Number Six appears on board the Galactica– and she’s not a hallucination (or implant, or whatever Baltar has been seeing).

Title: “Six Degrees of Separation”

Cast and Crew:

Edward James Olmos as Commander Adama
Mary McDonnell as President Laura Roslin
Katee Sackhoff as Kara “Starbuck” Thrace
James Callis as Dr. Gaius Baltar
Grace Park as Sharon “Boomer” Valerii
Aaron Douglas as Chief Petty Officer Tyrol
Jamie Bamber as Lee “Apollo” Adama
Bodie Olmos as Hot Dog
Michael Hogan as Col. Tigh
Tahmoh Penikett Helo
Tricia Helfer as Number 6

Kandyse Mclure as Dualla

Writer: Michael Angeli

Director: Robert Young


Number Six arrives on board the Galactica to accuse Baltar of being a traitor and explain some points of Cylon theology. The evidence appears to be rigged– but Baltar also knows he’s guilty. Boomer, meanwhile, finds “Cylon” written in her locker.

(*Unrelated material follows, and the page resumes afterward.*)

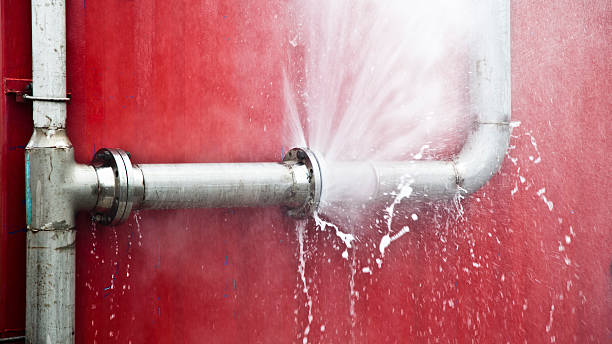 Best Water damage contractors near me  in Franklin, NJ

On Caprica, the relationship between Helo and another Boomer heats up.

High Points:

Baltar realizes that Number Six isn’t only in his mind anymore.

Low Points:

While Baltar can be annoying, his emotional instability proves an interesting plot point, especially as the others become more aware of it. He is, however, an emotionally unstable genius. Would he really act as guiltily as he does? His actions in the washroom and the lab are not merely the sign of an unstable man; they’re stupid.

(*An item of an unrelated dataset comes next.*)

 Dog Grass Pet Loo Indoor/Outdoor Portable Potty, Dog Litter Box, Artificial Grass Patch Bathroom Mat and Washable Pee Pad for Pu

(Aside: Six, of course, also behaves suspiciously. Perhaps she doesn’t really understand human nature– but the episode hints that perhaps she wanted to be discovered, for reasons as yet unknown).

The Scores:

Originality: 4/6. The show heads in interesting and unpredictable directions.

Effects: 5/6.

Story: 4/6 I’m willing to overlook the incompleteness, because the series tells a larger story than any episode can contain. The episode, however, contains bigger problems. Its pacing drags in places. And, only one episode after the Galactica has realized the need for tighter security, Gaius is able to wander into a lab which should be secured because someone leaves the door unlocked. Furthermore, his plan rests on the assumption that the door would be left unlocked.

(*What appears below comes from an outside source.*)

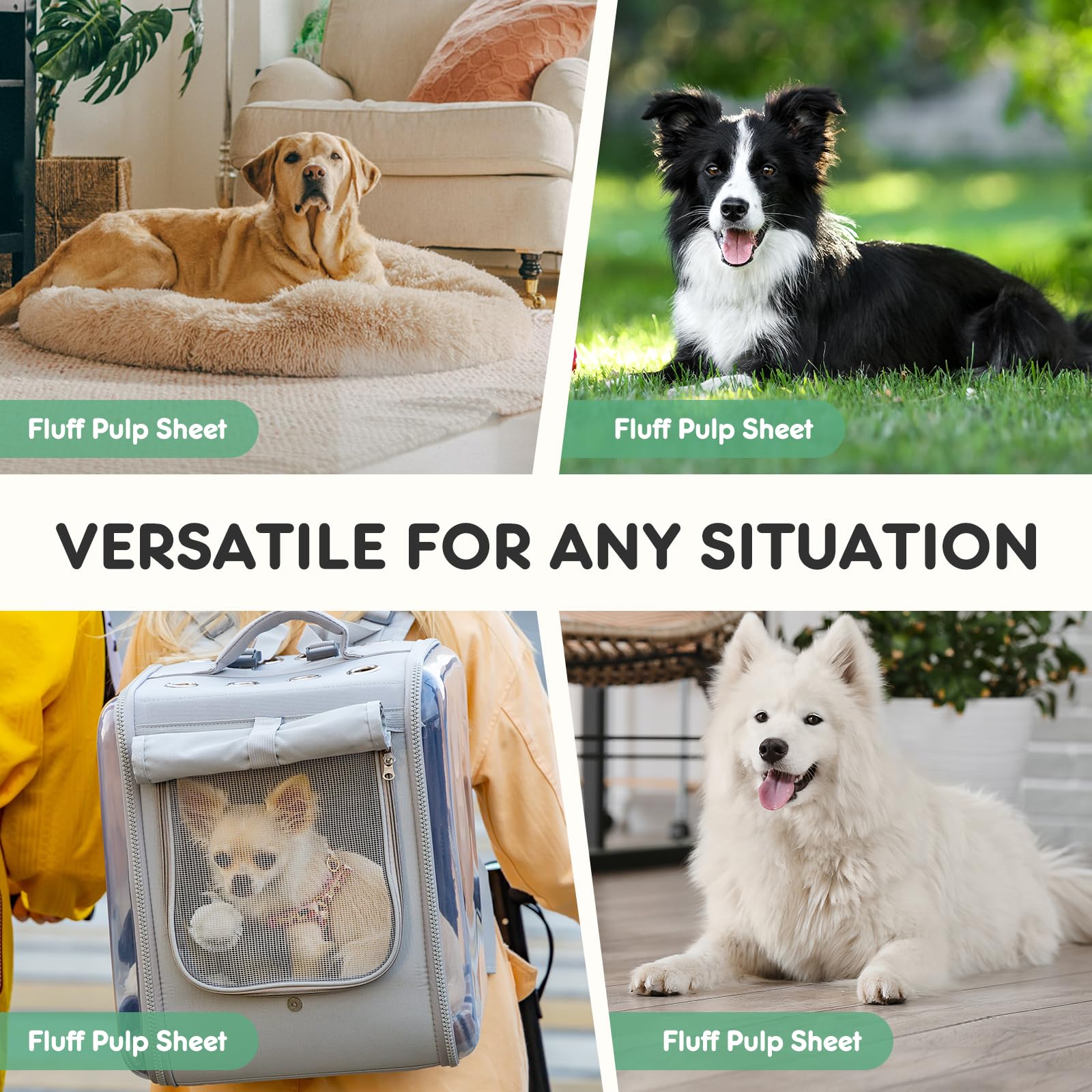 DUMOS pads support house-training and senior pets at home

Acting: 4/6 While the acting generally remains strong, Tricia Helfer doesn’t do nearly so well as the rest. She works fine as a Cylon seductress, but this script requires her to do more, and she doesn’t quite deliver. Some of the other performances in this ep seem rushed.

Emotional Response: 4/6.

Production: 6/6.

Overall: 4/6

In total, “Six Degrees of Separation” receives 31/42

Additional Comments and Points for Discussion:

1. Why do the interviews with the President look so much like a contemporary White House press scrum? The surviving human population equals that of a smallish city. Why would they need so many reporters? Even if every ship forms a mini-community that wants its own source of news, could they really each afford the unnecessary loss of personnel every time the President speaks?

2. The humans believe in a pantheon, while the Cylons worship one God. Furthermore (according to Number Six), they believe their God is the God of everyone, that all beings must develop a relationship with God or lose their immortal souls. The Cylons are on a crusade.

These theological concerns cover a wide territory, and one which could be discussed from many perspectives. I don’t believe that this show should be interpreted allegorically. Still, you have these specific concerns being expressed in a 2004/2005 tv season. You add to them a man accused of terrible crimes. He is, in fact, guilty of a terrible crime, though the evidence against him is manufactured and the reality differs from the accuser’s claim.

We also have a reference to a “No Fly” list.

I find it difficult to ignore certain loose parallels with a certain contemporary situation.